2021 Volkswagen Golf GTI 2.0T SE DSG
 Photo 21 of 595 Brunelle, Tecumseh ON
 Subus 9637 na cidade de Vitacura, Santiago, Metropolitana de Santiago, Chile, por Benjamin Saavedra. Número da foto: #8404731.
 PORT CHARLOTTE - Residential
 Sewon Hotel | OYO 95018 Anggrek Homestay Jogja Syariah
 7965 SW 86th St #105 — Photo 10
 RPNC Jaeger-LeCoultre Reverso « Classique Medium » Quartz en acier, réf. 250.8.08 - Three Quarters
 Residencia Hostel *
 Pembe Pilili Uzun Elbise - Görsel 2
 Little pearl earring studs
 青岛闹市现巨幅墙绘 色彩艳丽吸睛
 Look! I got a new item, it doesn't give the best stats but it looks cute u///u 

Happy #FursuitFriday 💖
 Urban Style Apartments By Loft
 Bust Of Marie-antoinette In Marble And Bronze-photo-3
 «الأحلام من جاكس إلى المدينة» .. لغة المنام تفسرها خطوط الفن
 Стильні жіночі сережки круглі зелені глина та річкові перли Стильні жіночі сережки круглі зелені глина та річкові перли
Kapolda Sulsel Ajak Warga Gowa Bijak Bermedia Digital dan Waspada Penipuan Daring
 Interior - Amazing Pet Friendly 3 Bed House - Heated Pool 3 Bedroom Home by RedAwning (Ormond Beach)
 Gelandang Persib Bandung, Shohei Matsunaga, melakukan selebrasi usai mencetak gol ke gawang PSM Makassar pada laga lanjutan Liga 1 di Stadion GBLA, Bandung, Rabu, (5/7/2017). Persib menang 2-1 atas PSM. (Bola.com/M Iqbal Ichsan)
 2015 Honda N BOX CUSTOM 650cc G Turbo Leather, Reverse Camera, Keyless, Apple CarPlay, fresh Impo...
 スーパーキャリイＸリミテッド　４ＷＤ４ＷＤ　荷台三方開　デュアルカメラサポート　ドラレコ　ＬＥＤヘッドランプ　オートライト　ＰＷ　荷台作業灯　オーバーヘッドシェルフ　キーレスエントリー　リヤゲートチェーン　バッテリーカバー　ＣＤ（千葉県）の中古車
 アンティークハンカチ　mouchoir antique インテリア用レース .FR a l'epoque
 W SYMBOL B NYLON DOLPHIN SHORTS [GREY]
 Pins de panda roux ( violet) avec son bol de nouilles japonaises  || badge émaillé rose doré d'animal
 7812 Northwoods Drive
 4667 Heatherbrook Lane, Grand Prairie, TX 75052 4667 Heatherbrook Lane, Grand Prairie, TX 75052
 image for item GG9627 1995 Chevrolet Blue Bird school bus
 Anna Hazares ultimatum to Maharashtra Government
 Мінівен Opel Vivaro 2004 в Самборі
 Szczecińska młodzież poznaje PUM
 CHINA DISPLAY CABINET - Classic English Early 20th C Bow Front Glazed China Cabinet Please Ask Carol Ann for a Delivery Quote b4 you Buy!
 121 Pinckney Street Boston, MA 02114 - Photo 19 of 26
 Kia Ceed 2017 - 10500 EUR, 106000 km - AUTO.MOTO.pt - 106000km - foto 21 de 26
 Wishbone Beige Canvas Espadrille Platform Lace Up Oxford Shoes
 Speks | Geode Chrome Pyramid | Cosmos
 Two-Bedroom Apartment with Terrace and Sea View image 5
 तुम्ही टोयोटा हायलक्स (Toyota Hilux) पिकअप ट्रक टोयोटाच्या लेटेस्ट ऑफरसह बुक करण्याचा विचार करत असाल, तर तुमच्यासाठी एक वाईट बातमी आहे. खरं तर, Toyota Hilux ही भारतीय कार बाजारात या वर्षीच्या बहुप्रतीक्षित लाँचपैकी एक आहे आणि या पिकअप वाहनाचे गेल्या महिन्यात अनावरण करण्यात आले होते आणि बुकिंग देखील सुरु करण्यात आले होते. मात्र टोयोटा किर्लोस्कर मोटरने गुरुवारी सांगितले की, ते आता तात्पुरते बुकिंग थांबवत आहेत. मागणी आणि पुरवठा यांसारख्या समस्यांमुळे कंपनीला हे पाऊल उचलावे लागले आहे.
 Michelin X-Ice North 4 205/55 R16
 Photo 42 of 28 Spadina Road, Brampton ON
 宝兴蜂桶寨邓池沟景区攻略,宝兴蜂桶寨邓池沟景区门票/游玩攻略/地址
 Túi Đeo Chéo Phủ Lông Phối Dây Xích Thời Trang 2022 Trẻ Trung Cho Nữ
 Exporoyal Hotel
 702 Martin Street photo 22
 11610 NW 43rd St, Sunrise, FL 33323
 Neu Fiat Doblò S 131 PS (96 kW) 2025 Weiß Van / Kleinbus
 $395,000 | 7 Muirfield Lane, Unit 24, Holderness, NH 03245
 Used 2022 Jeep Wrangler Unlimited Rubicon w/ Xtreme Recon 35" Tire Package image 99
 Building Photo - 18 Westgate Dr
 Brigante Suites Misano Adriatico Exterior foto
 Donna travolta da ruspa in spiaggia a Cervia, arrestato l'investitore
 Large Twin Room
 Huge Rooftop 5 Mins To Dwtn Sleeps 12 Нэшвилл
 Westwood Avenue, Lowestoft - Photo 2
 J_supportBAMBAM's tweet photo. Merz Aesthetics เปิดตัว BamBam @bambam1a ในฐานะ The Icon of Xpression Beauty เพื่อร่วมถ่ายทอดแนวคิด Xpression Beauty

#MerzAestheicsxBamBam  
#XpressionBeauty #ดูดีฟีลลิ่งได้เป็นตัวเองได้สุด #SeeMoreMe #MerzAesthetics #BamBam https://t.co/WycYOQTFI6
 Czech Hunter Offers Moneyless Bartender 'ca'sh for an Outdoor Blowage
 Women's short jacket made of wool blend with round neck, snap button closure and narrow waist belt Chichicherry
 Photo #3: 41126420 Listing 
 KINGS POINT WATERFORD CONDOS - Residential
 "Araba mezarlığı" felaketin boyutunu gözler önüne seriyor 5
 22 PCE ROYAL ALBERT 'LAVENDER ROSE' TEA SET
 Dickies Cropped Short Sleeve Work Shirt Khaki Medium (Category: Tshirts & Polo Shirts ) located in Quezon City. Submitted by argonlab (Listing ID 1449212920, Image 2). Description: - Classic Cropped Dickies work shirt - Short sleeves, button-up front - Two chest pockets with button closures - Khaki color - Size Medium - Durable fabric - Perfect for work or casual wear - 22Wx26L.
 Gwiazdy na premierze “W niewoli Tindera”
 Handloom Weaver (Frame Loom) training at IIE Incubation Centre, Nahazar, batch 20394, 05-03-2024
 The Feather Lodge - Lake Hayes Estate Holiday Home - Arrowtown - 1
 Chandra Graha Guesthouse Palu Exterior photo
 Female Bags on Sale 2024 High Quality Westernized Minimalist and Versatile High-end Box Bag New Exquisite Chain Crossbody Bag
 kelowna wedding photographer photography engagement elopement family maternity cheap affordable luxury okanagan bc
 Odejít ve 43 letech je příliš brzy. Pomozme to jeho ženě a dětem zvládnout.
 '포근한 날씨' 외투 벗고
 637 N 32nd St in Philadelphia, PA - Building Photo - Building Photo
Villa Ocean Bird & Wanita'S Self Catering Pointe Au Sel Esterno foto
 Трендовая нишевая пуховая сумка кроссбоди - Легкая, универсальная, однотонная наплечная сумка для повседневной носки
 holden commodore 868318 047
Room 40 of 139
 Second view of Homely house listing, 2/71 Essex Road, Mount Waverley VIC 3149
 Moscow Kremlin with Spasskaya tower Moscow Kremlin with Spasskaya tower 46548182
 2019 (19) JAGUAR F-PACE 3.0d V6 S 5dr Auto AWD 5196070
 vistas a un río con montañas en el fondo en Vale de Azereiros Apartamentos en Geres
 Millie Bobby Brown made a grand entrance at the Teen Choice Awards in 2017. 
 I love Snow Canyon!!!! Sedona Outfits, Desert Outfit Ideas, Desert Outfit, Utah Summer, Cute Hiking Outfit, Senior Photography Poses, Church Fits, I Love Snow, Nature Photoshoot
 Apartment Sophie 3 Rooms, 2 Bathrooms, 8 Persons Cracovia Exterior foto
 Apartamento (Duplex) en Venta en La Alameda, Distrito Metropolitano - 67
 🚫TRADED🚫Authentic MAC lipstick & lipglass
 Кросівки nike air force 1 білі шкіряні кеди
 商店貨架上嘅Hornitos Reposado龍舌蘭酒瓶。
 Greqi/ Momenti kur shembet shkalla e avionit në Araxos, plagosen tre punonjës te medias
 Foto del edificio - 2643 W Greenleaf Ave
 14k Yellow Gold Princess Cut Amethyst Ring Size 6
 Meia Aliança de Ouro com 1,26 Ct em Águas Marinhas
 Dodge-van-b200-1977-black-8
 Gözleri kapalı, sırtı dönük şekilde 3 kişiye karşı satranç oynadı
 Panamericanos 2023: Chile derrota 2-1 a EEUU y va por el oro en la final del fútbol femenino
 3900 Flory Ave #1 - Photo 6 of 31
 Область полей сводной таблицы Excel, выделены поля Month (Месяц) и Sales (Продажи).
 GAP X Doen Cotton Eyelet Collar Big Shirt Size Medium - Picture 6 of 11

○ ○ ○ ○

Return the span of lines in the data above that opens at the line with "önüne seriyor 5" and closes at the line with "22 PCE ROYAL ALBERT 'LAVENDER ROSE' TEA SET", exactly, ends included, nothing else.

 "Araba mezarlığı" felaketin boyutunu gözler önüne seriyor 5
 22 PCE ROYAL ALBERT 'LAVENDER ROSE' TEA SET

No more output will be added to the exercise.